If Fujitsu wants to get back in the worldwide smartphone game, it’s picked a heck of a time to do so. Both HTC and Huawei have already leaked drool-worthy Tegra 3 devices before MWC, and fellow Japanese giant Panasonic has already revealed its high-end Eluga phone set for a wide release. That’s not even counting regular competition from Samsung and Motorola, both of which are probably sitting out MWC when it comes to high-end smartphone hardware. Fujitsu will be on the floor showing off its latest and greatest, so keep an eye on our Mobile World Congress 2012 portal for all the juicy details.


  1. I really don’t want to knock the device, especially before I’ve seen it. But is there really still anyone who cares about the megapixel race, even more so for smartphone pic shooters?

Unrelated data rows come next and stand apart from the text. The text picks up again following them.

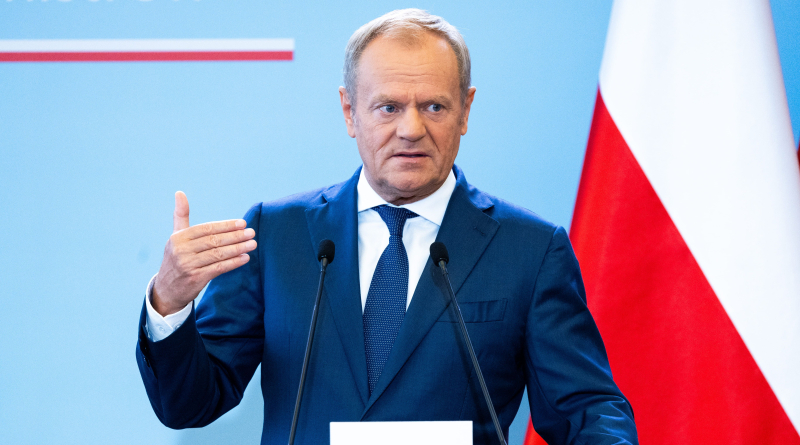 "Europa muss zu einer Macht werden": Donald Tusk fordert, die NATO wieder handlungsfähig zu machen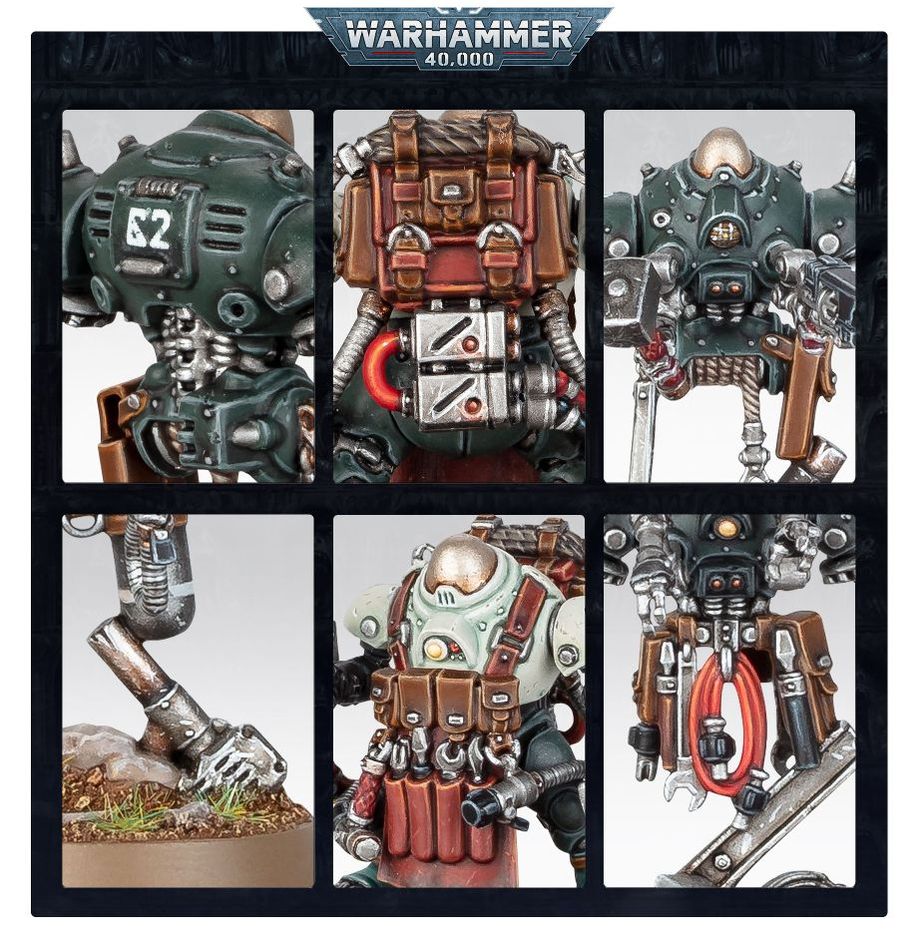 Special Order - Leagues of Votann: Brokhyr Iron-Master - Loaded Dice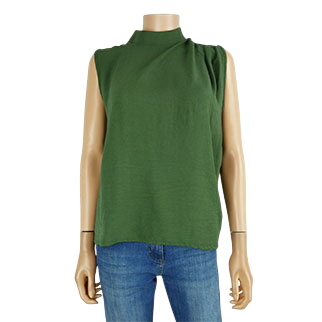 Gilet kaki sans manches - femme - Cloothes - taille L - Photo 0
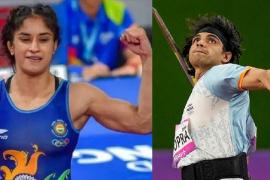 Paris Olympics, Vinesh Phogat and Neeraj Chopra raised hopes of gold, both made it to the finals, score between India and Germany in hockey tied at 1-1, know when and in which sport India can get its first gold medal, Khabargali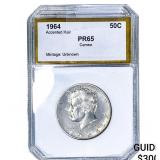 1964 Kennedy Half Dollar PCI PR65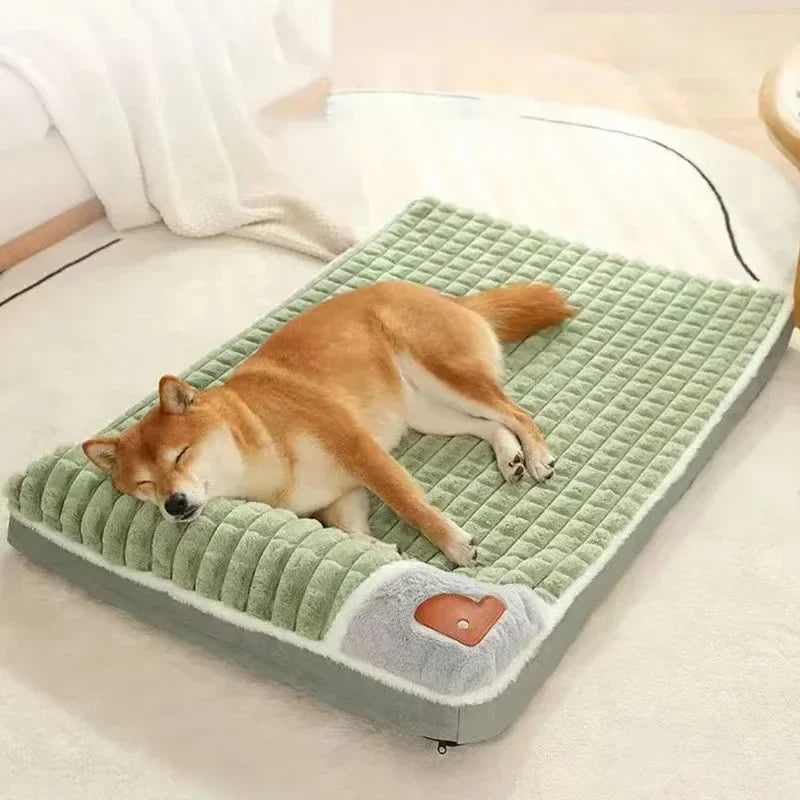 Orthopedic Memory Foam Dog Bed with Removable Washable Cover
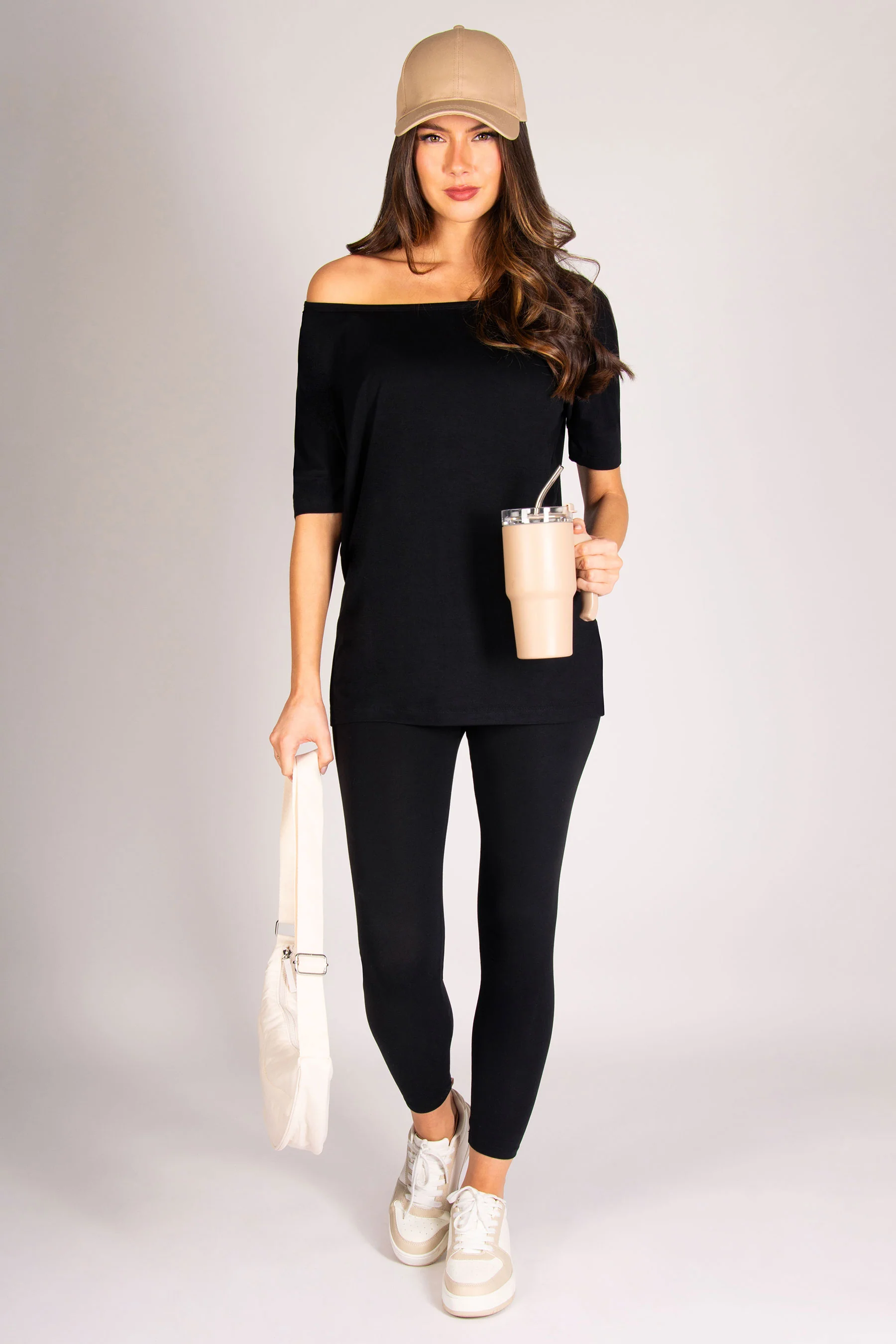 Viscose Short Sleeve Top - Image 2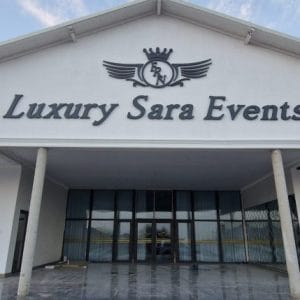 Reclamescu - Productie publicitara, litere volumetrice, casete luminoase - Sarah Events 5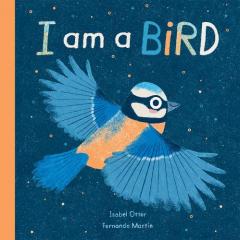 Coperta cărții I am a Bird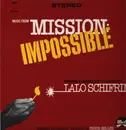LP - Lalo Schifrin - Music From Mission: Impossible - Insert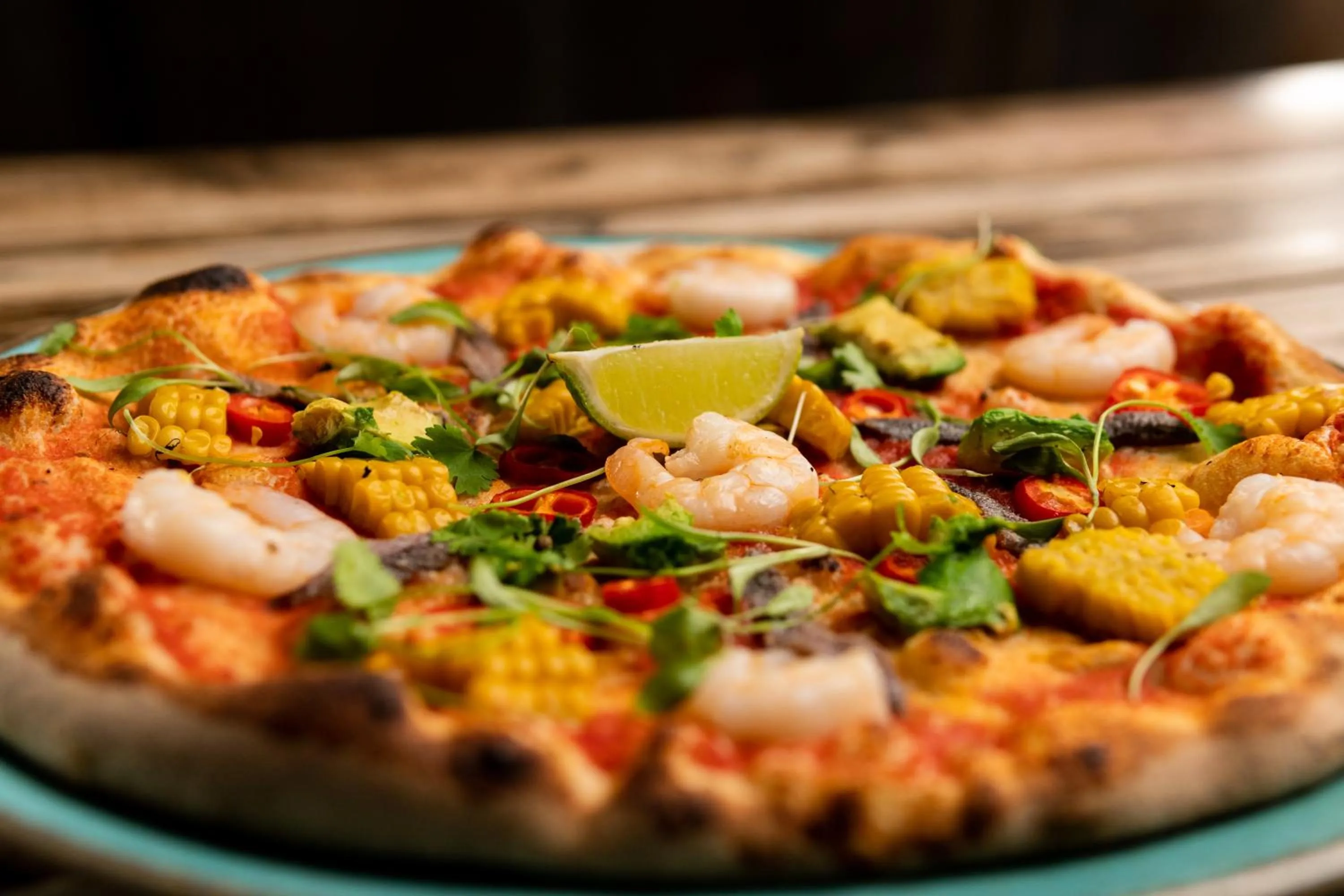 Food in The Farm House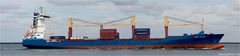 JONNI RITSCHER /  Cargo vessel / Rotterdam / Scroll my plesase!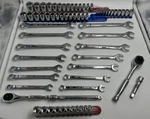 Kobalt Wrench/ratchet & Socket Sets. Fixed Price $99.99.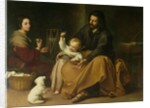The Holy Family with the Little Bird, c.1650 by Bartolome Esteban Murillo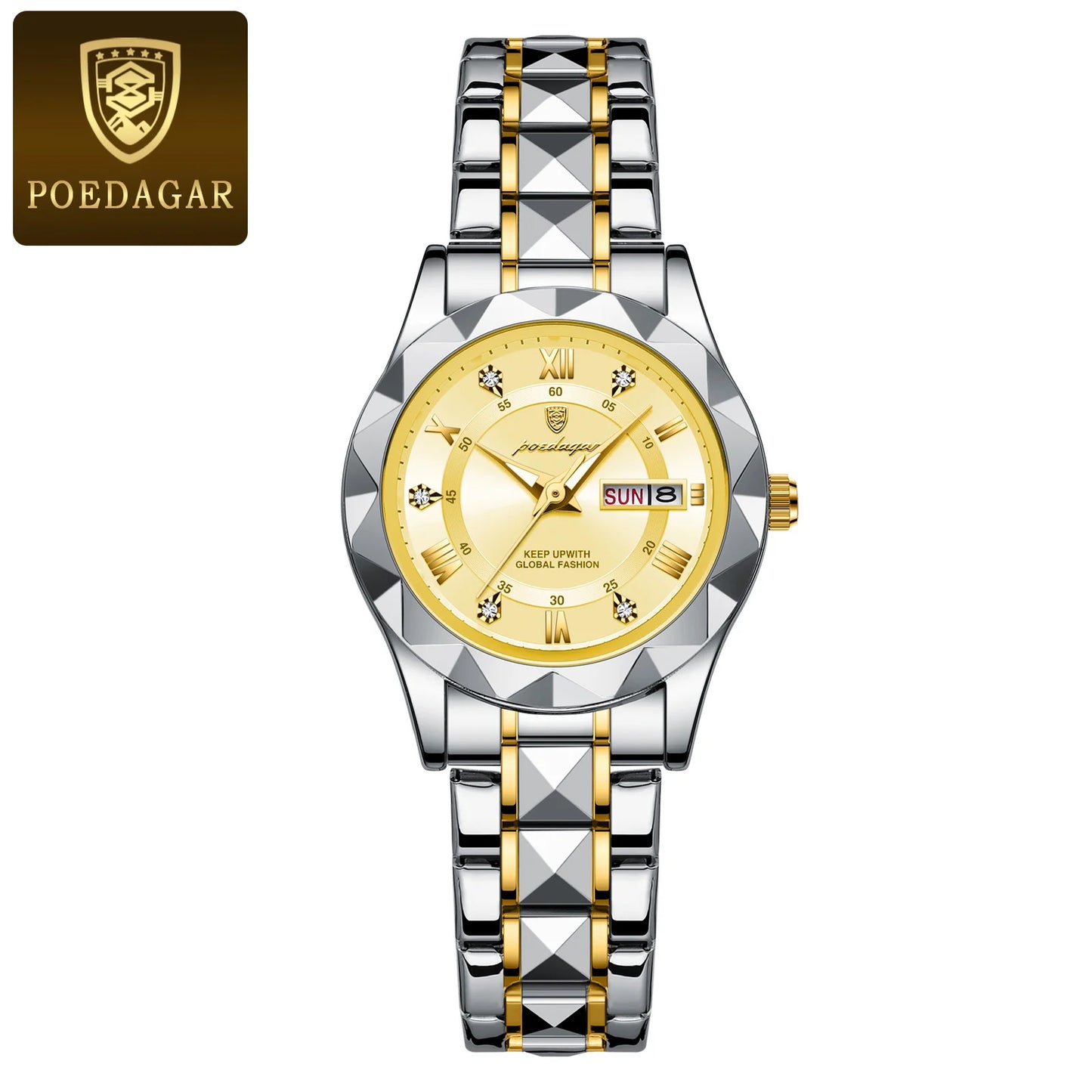 Elegant Women's Luxury Quartz Watch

    That said, if they deliver the same kind of awesome hardware that Huawei, HTC et al are offering, this would really be something. Not sure if they are ready to break into the same league Samsung plays right away, but hardware variety and more options are always good for the consumer.

    • I tend to agree. More megapixels crammed down into a tiny sensor usually don’t add up to significantly better photos. And in any case, my Canon DSLR uses 15 megapixels and I usually shoot at a medium setting, just to make editing and web viewing easier.